Families of children with autism benefit from dog ownership
Many families face the decision of whether to get a dog. For families of children with autism, the decision can be even more challenging. Now, a University of Missouri researcher has studied dog ownership decisions in families of children with autism and found, regardless of whether they owned dogs, the parents reported the benefits of dog ownership included companionship, stress relief and opportunities for their children to learn responsibility.
"Children with autism spectrum disorders often struggle with interacting with others, which can make it difficult for them to form friendships," said Gretchen Carlisle, a research fellow at the Research Center for Human-Animal Interaction (ReCHAI) in the MU College of Veterinary Medicine. "Children with autism may especially benefit from interacting with dogs, which can provide unconditional, nonjudgmental love and companionship to the children."
Carlisle interviewed 70 parents of children with autism. Nearly two-thirds of the parents in the study owned dogs, and of those parents, 94 percent reported their children with autism were bonded to their dogs. Even in families without dogs, 70 percent of parents said their children with autism liked dogs. Many dog-owning parents said they specifically chose to get dogs because of the perceived benefits to their children with autism, Carlisle said.
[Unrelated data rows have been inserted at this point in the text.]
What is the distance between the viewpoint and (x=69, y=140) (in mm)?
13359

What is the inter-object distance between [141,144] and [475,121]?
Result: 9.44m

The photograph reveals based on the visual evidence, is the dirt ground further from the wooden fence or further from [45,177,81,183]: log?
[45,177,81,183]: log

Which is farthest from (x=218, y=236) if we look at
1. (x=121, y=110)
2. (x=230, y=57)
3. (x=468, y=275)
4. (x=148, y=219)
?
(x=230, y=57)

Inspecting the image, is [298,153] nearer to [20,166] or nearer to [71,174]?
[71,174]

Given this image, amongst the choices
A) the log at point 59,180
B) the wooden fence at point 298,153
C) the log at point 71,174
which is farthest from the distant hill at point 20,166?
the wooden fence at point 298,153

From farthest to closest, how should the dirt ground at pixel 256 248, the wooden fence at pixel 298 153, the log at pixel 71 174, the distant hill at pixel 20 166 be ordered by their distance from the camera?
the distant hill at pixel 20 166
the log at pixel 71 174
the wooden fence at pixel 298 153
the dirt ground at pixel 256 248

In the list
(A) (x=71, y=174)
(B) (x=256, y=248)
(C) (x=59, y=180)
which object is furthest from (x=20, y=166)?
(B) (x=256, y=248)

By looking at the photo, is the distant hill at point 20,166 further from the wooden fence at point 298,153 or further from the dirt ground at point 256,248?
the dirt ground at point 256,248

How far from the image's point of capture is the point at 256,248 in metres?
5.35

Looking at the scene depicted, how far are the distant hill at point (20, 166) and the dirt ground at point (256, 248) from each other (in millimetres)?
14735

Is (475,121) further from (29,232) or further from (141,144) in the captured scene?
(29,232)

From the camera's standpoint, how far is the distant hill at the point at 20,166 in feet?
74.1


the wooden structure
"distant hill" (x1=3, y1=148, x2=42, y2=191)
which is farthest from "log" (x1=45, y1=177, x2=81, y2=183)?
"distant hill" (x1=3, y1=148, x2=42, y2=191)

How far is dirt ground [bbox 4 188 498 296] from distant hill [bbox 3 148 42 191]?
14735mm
"Dogs can help children with autism by acting as a social lubricant," Carlisle said. "For example, children with autism may find it difficult to interact with other neighborhood children. If the children with autism invite their peers to play with their dogs, then the dogs can serve as bridges that help the children with autism communicate with their peers."
Parents of children with autism should consider their children's sensitivities carefully when choosing a dog in order to ensure a good match between pet and child, Carlisle said.
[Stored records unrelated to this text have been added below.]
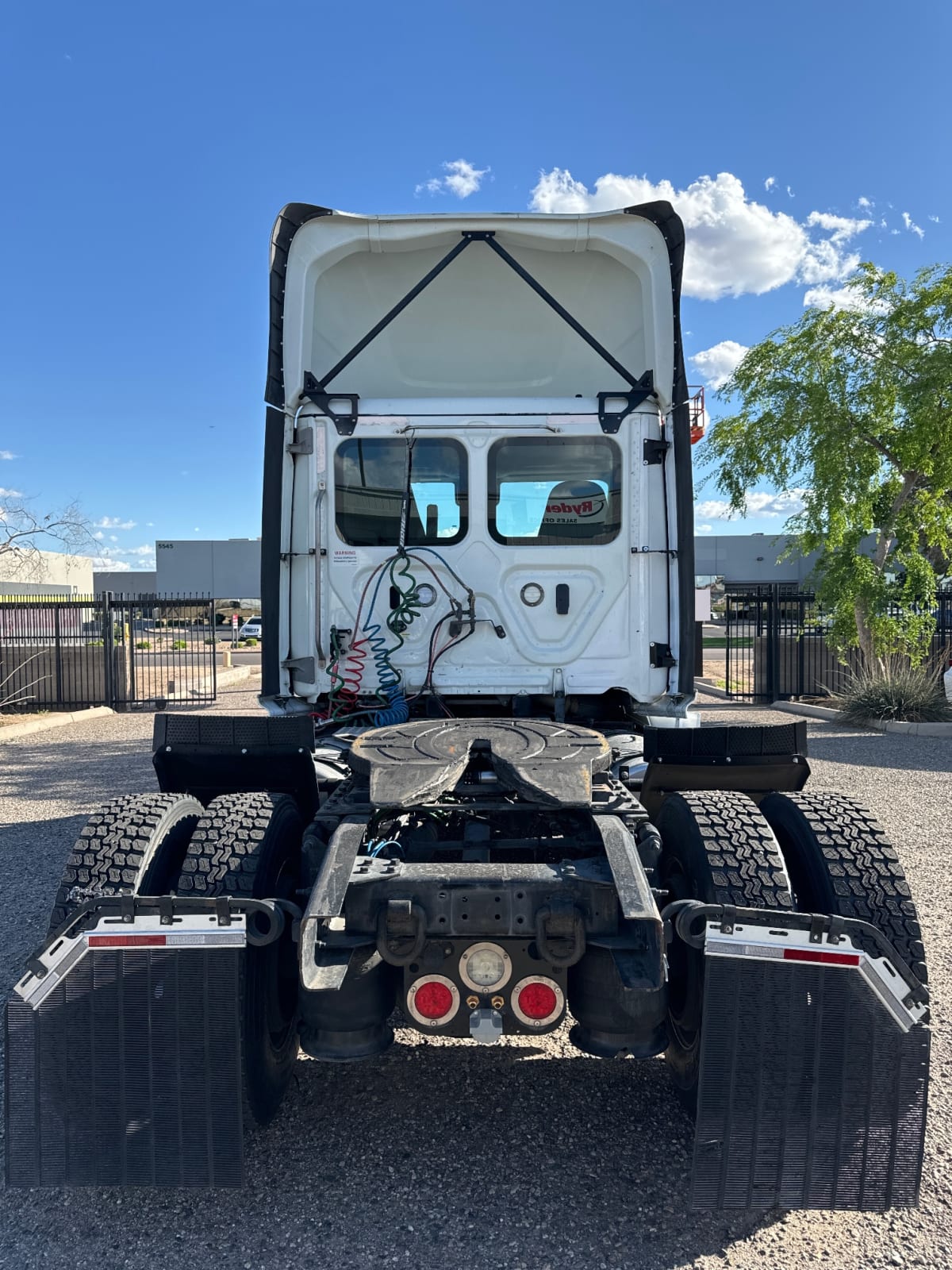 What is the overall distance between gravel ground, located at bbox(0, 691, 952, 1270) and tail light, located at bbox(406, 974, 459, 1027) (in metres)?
0.59

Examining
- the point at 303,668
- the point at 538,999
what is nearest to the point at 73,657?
the point at 303,668

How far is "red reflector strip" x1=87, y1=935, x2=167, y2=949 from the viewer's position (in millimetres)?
2305

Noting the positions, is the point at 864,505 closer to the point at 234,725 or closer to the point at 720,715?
the point at 720,715

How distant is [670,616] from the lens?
14.3 ft

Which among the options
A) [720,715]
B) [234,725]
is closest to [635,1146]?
[234,725]

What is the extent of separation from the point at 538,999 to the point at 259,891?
978 millimetres

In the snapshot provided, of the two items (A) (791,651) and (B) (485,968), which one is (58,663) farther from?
(B) (485,968)

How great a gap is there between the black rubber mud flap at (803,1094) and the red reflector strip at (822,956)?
2 centimetres

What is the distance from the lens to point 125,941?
7.58 feet

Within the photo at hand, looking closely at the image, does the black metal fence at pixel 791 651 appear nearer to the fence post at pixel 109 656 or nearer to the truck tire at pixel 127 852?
the fence post at pixel 109 656

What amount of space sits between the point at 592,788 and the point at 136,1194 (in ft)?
6.22

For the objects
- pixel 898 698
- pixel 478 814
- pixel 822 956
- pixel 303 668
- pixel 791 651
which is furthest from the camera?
pixel 791 651

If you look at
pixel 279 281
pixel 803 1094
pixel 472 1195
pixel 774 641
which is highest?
pixel 279 281

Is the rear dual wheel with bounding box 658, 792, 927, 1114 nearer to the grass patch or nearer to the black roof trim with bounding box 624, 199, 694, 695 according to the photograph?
the black roof trim with bounding box 624, 199, 694, 695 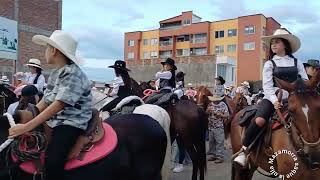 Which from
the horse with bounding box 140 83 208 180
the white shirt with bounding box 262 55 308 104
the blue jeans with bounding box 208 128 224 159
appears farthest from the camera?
the blue jeans with bounding box 208 128 224 159

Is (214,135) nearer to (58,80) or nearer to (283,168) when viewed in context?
(283,168)

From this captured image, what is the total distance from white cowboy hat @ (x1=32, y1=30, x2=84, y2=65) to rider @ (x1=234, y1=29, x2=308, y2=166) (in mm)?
2947

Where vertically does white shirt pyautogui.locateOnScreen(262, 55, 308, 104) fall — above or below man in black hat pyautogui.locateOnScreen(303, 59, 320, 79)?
below

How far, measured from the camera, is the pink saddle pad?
11.6ft

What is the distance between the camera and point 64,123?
3.59 meters

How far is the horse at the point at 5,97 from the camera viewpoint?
8.06m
"Bringing a dog into any family is a big step, but for families of children with autism, getting a dog should be a decision that's taken very seriously," Carlisle said. "If a child with autism is sensitive to loud noises, choosing a dog that is likely to bark will not provide the best match for the child and the family. If the child has touch sensitivities, perhaps a dog with a softer coat, such as a poodle, would be better than a dog with a wiry or rough coat, such as a terrier."
Carlisle recommends parents involve their children with autism when choosing a dog.
"Many children with autism know the qualities they want in a dog," Carlisle said. "If parents could involve their kids in choosing dogs for their families, it may be more likely the children will have positive experiences with the animals when they are brought home."
Although her study only addressed dog ownership among families affected by autism, Carlisle said dogs might not be the best pet for every child with autism.
"If you know one child with autism, you know one child with autism," Carlisle said. "Dogs may be best for some families, although other pets such as cats, horses or rabbits might be better suited to other children with autism and their particular sensitivities and interests."
"This research adds scientific credibility to the benefits of human-animal interaction," said Rebecca Johnson, a professor at the MU College of Veterinary Medicine, director of ReCHAI, and the Millsap Professor of Gerontological Nursing in the MU Sinclair School of Nursing. "This research helps us understand the role of companion animals in improving the lives of children with autism and helps health professionals learn how to best guide families in choosing pets for their families."
The study, "Pet Dog Ownership Decisions for Parents of Children With Autism Spectrum Disorder," was published in the Journal of Pediatric Nursing earlier this year.